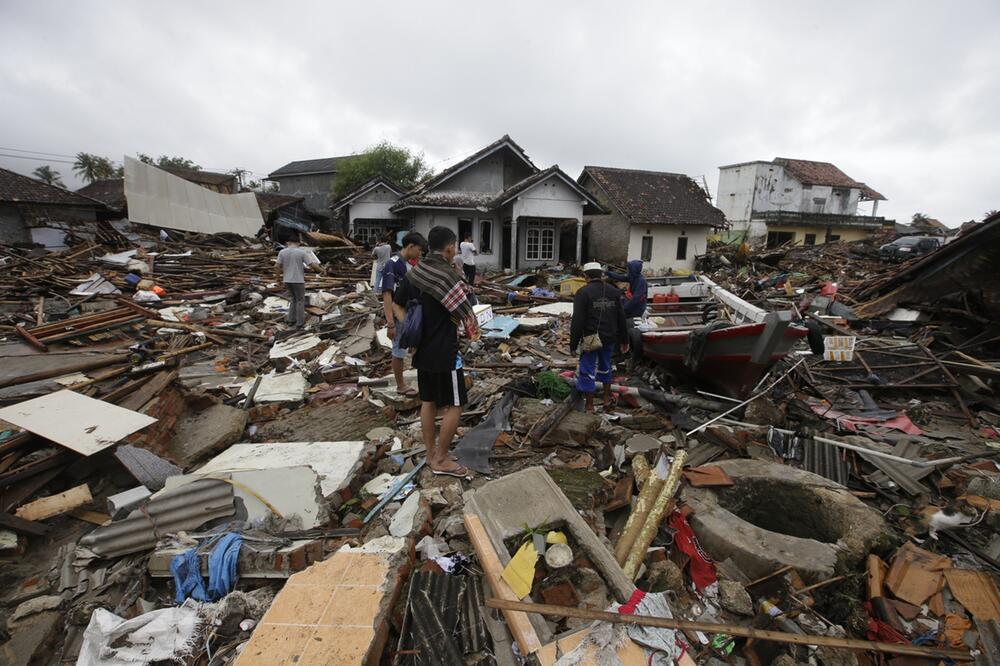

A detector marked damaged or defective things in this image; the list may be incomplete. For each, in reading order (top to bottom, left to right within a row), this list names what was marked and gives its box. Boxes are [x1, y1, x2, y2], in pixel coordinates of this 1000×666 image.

damaged house [0, 167, 110, 245]
damaged house [384, 134, 600, 268]
damaged house [580, 167, 728, 274]
damaged house [720, 158, 892, 246]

### Exercise goal
Retype the data exactly; images stay out.

### Written answer
A detector marked damaged or defective things in this image; the list may be incomplete. For each, in reading order (top to bottom, left to right within a row), this list names what was marked and gives its box. Boxes are [x1, y1, x2, y2], in pixel coordinates of this 1000×666 image.

damaged house [0, 167, 110, 245]
damaged house [384, 134, 600, 268]
damaged house [580, 167, 728, 274]
damaged house [720, 158, 892, 246]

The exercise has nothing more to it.